Empresas públicas ganham milhões
com mercados e não dão ao Estado
por Filipe Paiva Cardoso
Tribunal conclui que o governo tem argumentos
para demitir gestores públicos de CP, Metro e Refer
O Tribunal de Contas (TC) identificou várias "situações de incumprimento" na gestão financeira das empresas públicas ao nível do exigido pelo Regime da Tesouraria do Estado (RTE) - que determina que os investimentos financeiros do sector empresarial do Estado devem estar no Tesouro. A situação é especialmente crítica no sector dos transportes e das infra-estruturas.
Nesse sector, apenas 5,9% das aplicações financeiras estão em contas do Tesouro, no Instituto de Gestão da Tesouraria e do Crédito Público (IGCP), ao contrário do que o RTE obriga. Este tipo de incumprimento, lembra o TC, "passou a integrar as situações susceptíveis de demissão dos gestores públicos" este ano.
CP, Metro de Lisboa e Rede Ferroviária Nacional (Refer) são as empresas mais visadas pelo TC, sobretudo a CP. "As situações de incumprimento neste sector são relevantes porque resultam da não implementação dos procedimentos operacionais legalmente exigidos [...] em resultado da posição assumida pela gestão, em especial da CP, de não pretender cumprir a determinação legal relativa à unidade da tesouraria do Estado", diz o TC.
A regra Segundo foi estipulado desde 2005, através das diferentes leis do Orçamento, as empresas públicas estão sujeitas à unidade da tesouraria do Estado, pelo que devem ter as suas aplicações em contas no Tesouro. Conforme explica o TC, "a centralização dos fundos na tesouraria do Estado tem como finalidade aumentar a eficiência da administração financeira do Estado e gerar ganhos financeiros, ao possibilitar o financiamento do Estado com fundos de serviços públicos que, de outro modo, estariam aplicados no sistema bancário". Este dinheiro podia, por exemplo, comprar dívida pública.
Mas poucos cumprem esta lei, segundo o Tribunal de Contas.
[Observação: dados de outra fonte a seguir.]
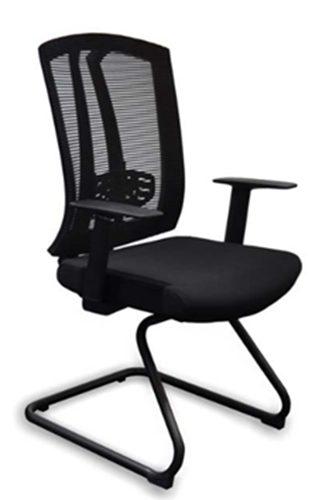 Mesh Visitor Chair with Sled Base – Black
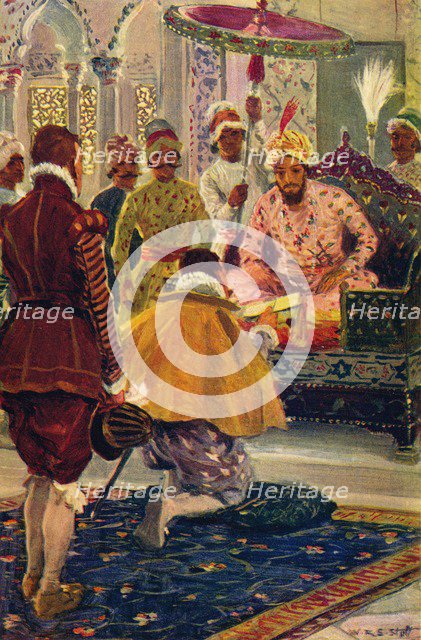 'Hawkins Presenting King James's Letter to the Great Mogul', 1608 (c1912). Artist: Unknown.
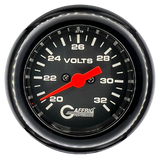 GAFFRIG 2 INCH ELECTRIC VOLTMETER GAUGE 16-32 VOLT - 270 DEGREE SWEEP BLACK / FAT RIM / BLACK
O relatório desta auditoria identificou num universo de 50 empresas públicas não financeiras, a existência de 643 contas bancárias, das quais 67% estavam fora do Tesouro. Nesse universo de contas, foram contabilizados 315,3 milhões em depósitos e aplicações financeiras fora do Tesouro - 259 milhões de empresas de transportes e 51 milhões do sector da saúde. E, apesar destes investimentos terem gerado retorno, as empresas, ao contrário do estipulado pela legislação, não entregaram os lucros ao Estado. O TC detalha: "O rendimento líquido obtido por entidades públicas empresariais com depósitos e aplicações financeiras fora do Tesouro ascendeu a 434,5 mil euros e 2,7 milhões de euros, respectivamente, tendo-se apurado que nenhuma das entidades em causa procedeu à atempada entrega dos valores auferidos ao Estado, como determina a Lei do Orçamento do Estado para 2009."
A CP foi a melhor/pior de todas. Melhor porque conseguiu rendimentos de 2 milhões em aplicações financeiras. Pior porque não os deu ao Estado.
No total, o TC identificou 40 empresas públicas a ganhar dinheiro com investimentos à margem do Tesouro, que não devolveram os respectivos ganhos ao Estado. Concluído isto, o Tribunal recomenda às Finanças que, "face ao disposto na Lei do OE, determine a imediata entrega ao Estado dos rendimentos obtidos (3 milhões) com aplicações financeiras fora do Tesouro pelas entidades públicas".
E a instituição de Oliveira Martins vai mesmo mais longe, não hesitando em apontar culpados: a auditoria confirma "a ilação de que as situações de incumprimento resultam essencialmente do comportamento dos órgãos de gestão das entidades que, desta forma, revelam, em especial nos Transportes e Gestão de Infra-estruturas, não pretenderem sujeitar-se ao RTE".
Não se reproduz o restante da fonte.